Arrighi cites four main 'financial' phases. The first goes back (way back) to the Genoese, Venetian and Florentine era in the 15th and 16th centuries; the second to the 17th century which was dominated by the Dutch high financiers in Antwerp; the third to the late 19th century which was dominated by the City of London during the decline of the British Empire; and the fourth is the U.S. phase of the Wall Street 'financialization' of the late 20th century. [13] Arrighi insists that a capitalist logic of action guided Florentine business enterprise in the 15th century. The logic (namely the liquidity preference) was that capital should be invested in trade and production only as long as returns were higher than capital could have earned in financial deals. However, any move to flexible forms of investment such as the financing of domestic and foreign public debts, implied 'considerable economic, political and social turbulence' (Arrighi 1994 pp. 100-1).
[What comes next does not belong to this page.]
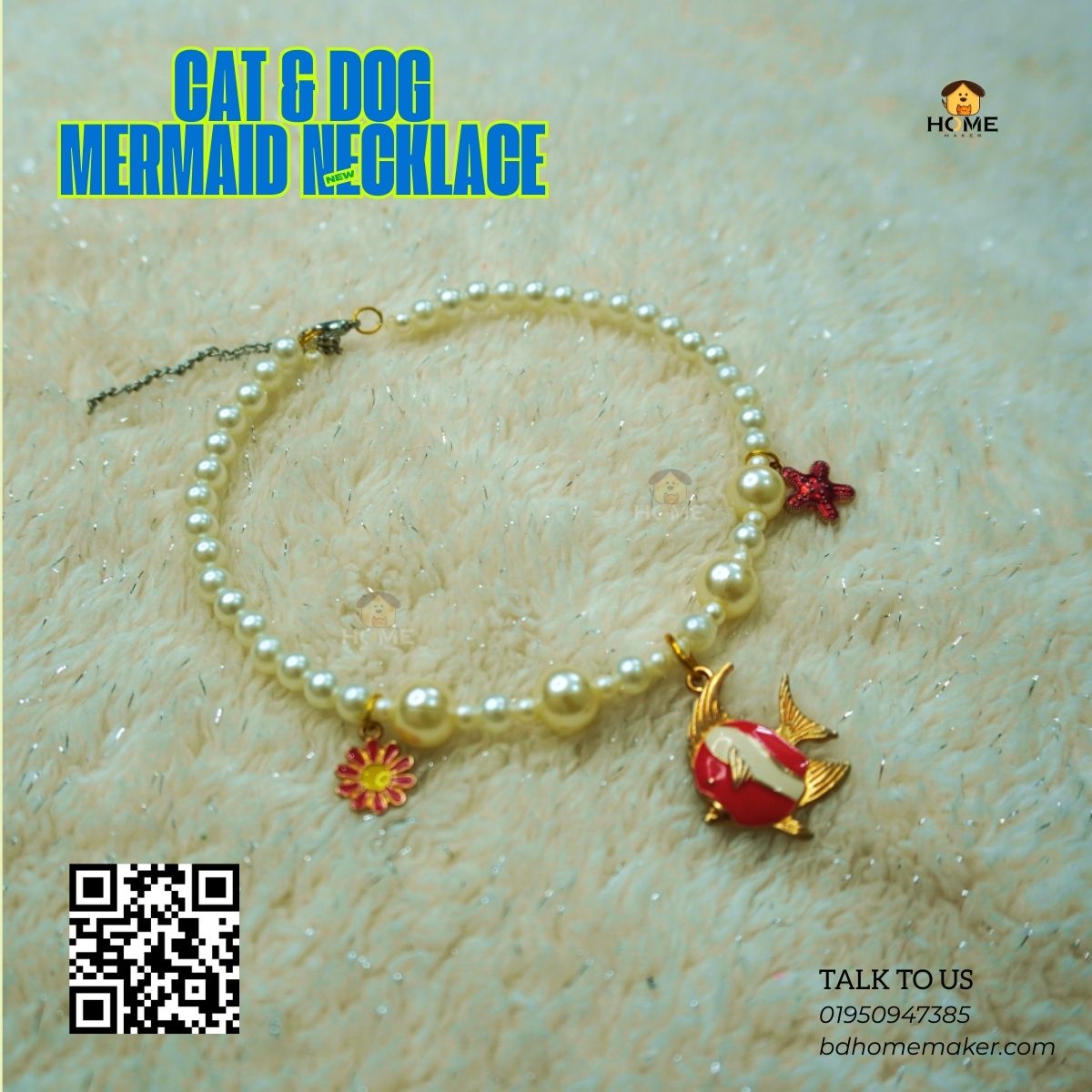 Exclusive Cat collar_img_2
More contentiously, Arrighi suggests a parallel between 'la belle epoque' of Edwardian Britain and Reagan's USA. In the British case, considerable competition by the 1870s had led to over-production, the withdrawal of cash flows from trade and into profitable opportunities in world financial intermediation.
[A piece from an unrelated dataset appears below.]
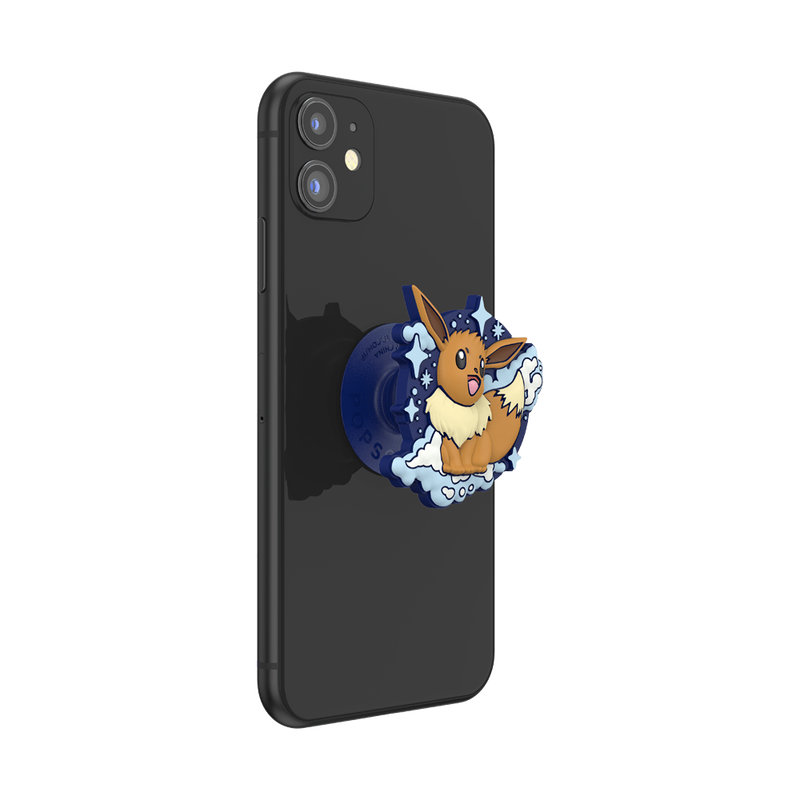 Pokémon - Eevee PopOut image number 4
In a less epoch defining manner, Smithin agrees that a 'revenge of the rentiers' was accomplished by a 'political revolution' between 1979 and 1982. The 'aggressive' inflationary and cheap money policies of most monetary authorities in the early 1970s had become a 'nightmare' for rentiers (those who gain income from dividends and interest on financial investments). Rentiers suddenly experienced 'negative real rates of interest'. After the elections of Thatcher and Reagan, according to Smithin, rentier interests 'captured' central banks, converted them to 'hard money', high interest and anti-inflation policies, and monetary policies became overly concerned with financial matters such as inflation, government budgets and balanced exchange rates (Smithin 1996 p. 5).
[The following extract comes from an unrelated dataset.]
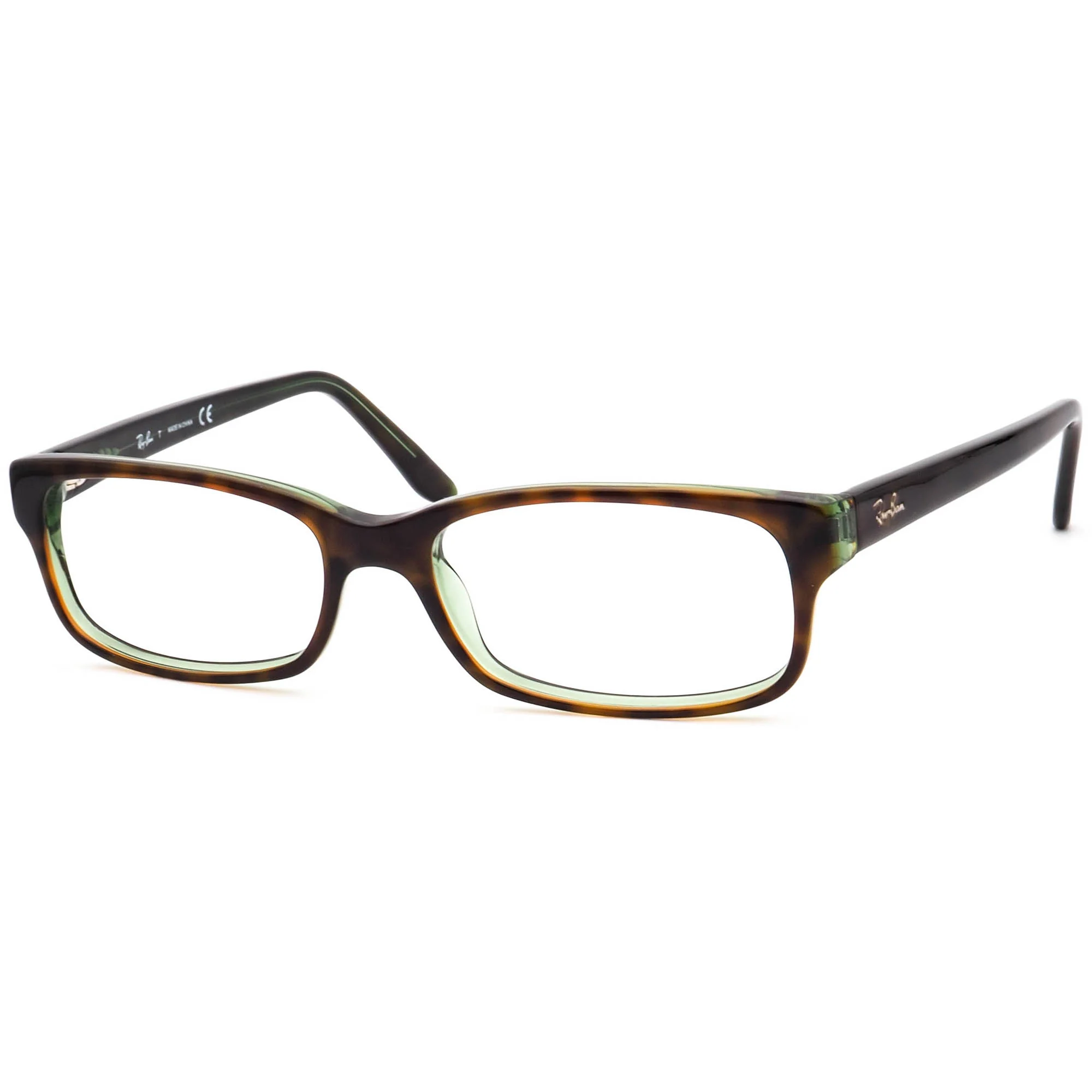 Ray-Ban RB 5187 2445 - Image 3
The 'rentiers' revenge' put an end to what Smithin argues had been a 'workable compromise' between the competing interests during the postwar era. As he says, the remedy is hardly the aim of 'zero inflation' that mainstream economics has promoted ever since. More beneficial would be a new compromise in which rentiers gain a 'reasonable' but not exorbitant rate of return. However, discussions of what are 'fair' or reasonable shares of income are not on the agenda. Instead, right up until 1998, inflation has been controlled in many countries by 'keeping the economy permanently in a state of semi-slump' far beyond what might have been a necessary concession to the excesses of the 1970s (Smithin 1996 pp. 5,132).